→ EXERCISE DETAILS
Copy out each line of the material exactly. Pictures do not belong in the copy.

→ THE INPUT
↓↓↓
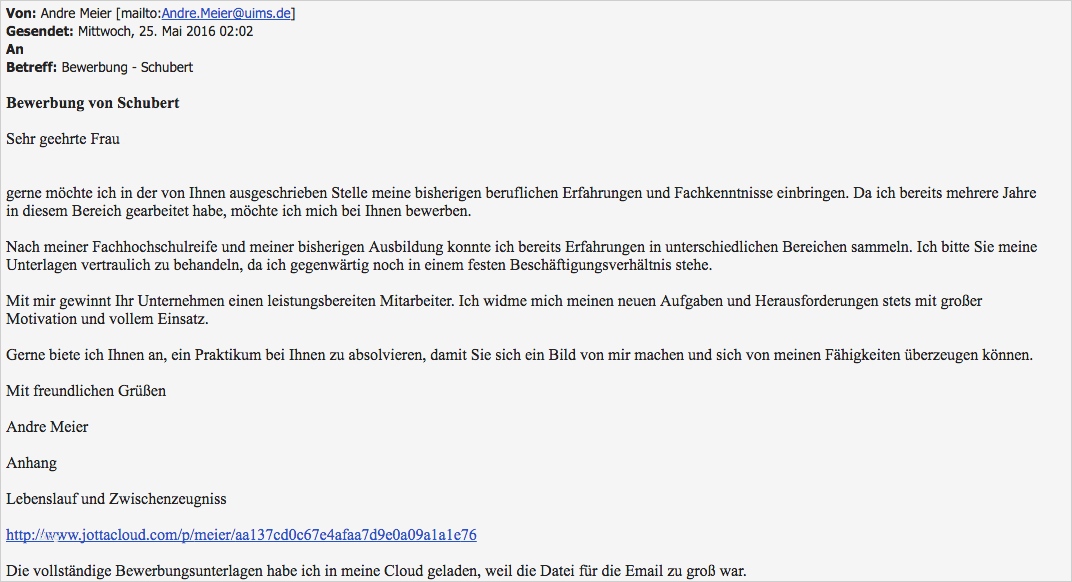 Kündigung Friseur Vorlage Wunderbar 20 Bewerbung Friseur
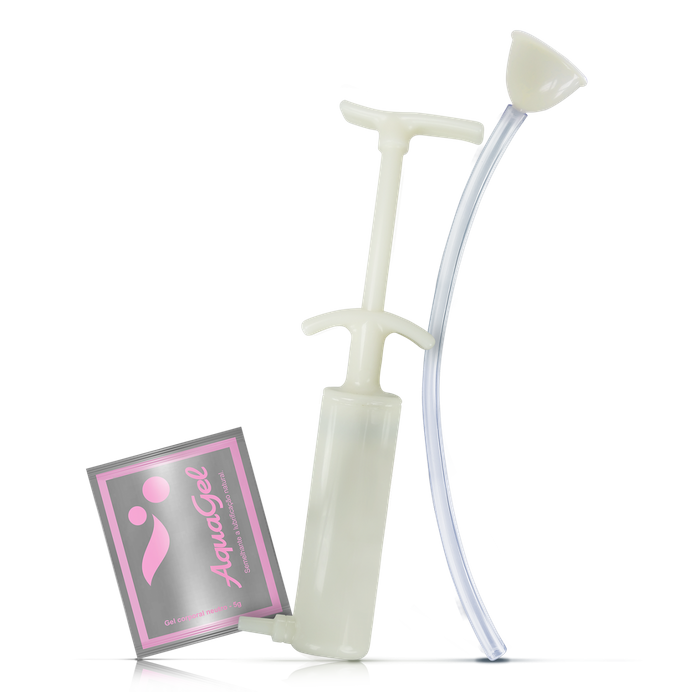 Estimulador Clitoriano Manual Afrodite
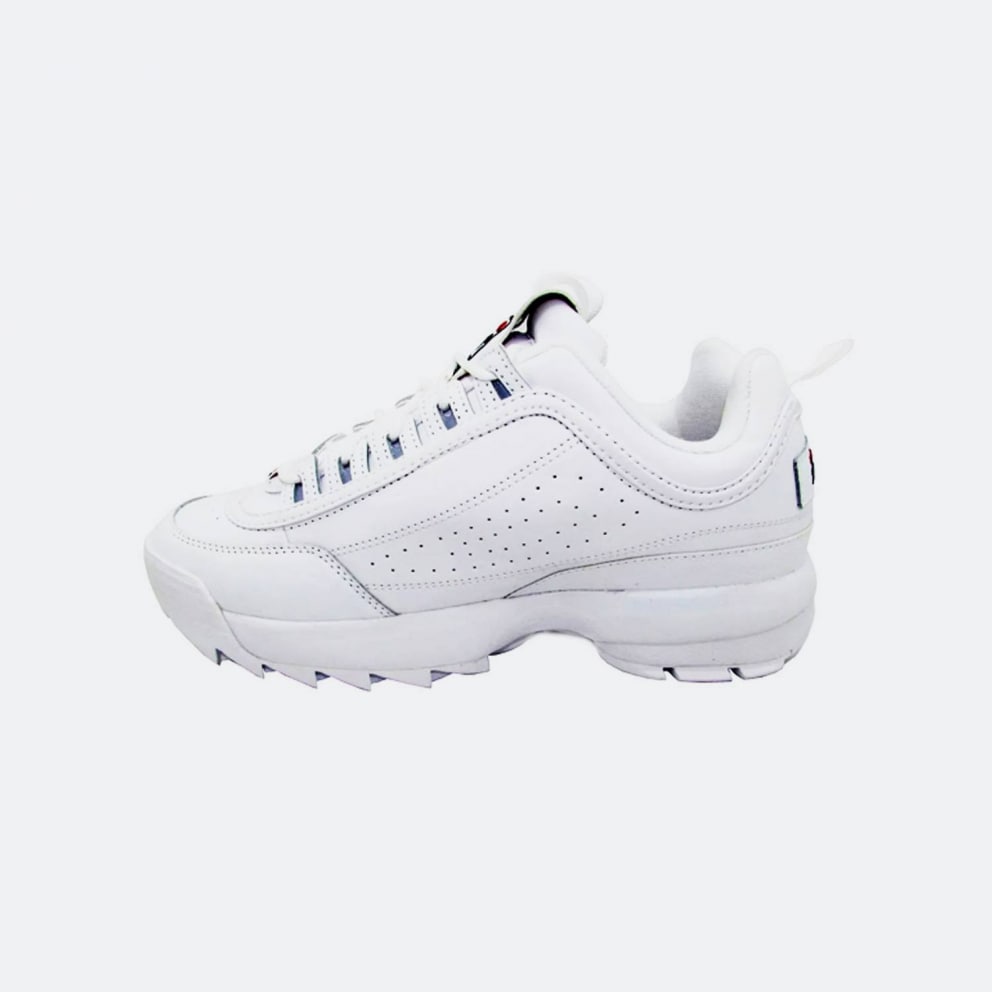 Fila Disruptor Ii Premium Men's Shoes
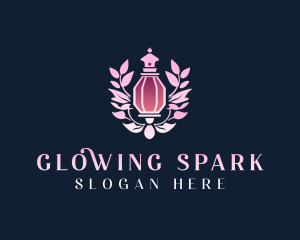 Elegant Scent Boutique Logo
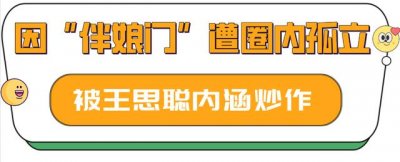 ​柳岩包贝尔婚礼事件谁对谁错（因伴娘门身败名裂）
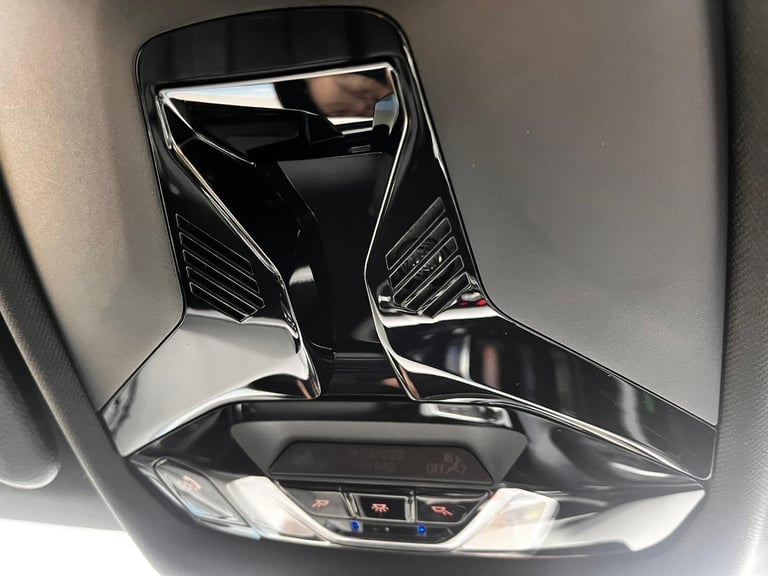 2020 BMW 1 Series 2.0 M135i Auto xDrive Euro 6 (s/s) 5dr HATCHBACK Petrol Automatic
↑↑↑
→ PROBLEM SOLUTION
 Kündigung Friseur Vorlage Wunderbar 20 Bewerbung Friseur
 Estimulador Clitoriano Manual Afrodite
 Fila Disruptor Ii Premium Men's Shoes
 Elegant Scent Boutique Logo
 ​柳岩包贝尔婚礼事件谁对谁错（因伴娘门身败名裂）
 2020 BMW 1 Series 2.0 M135i Auto xDrive Euro 6 (s/s) 5dr HATCHBACK Petrol Automatic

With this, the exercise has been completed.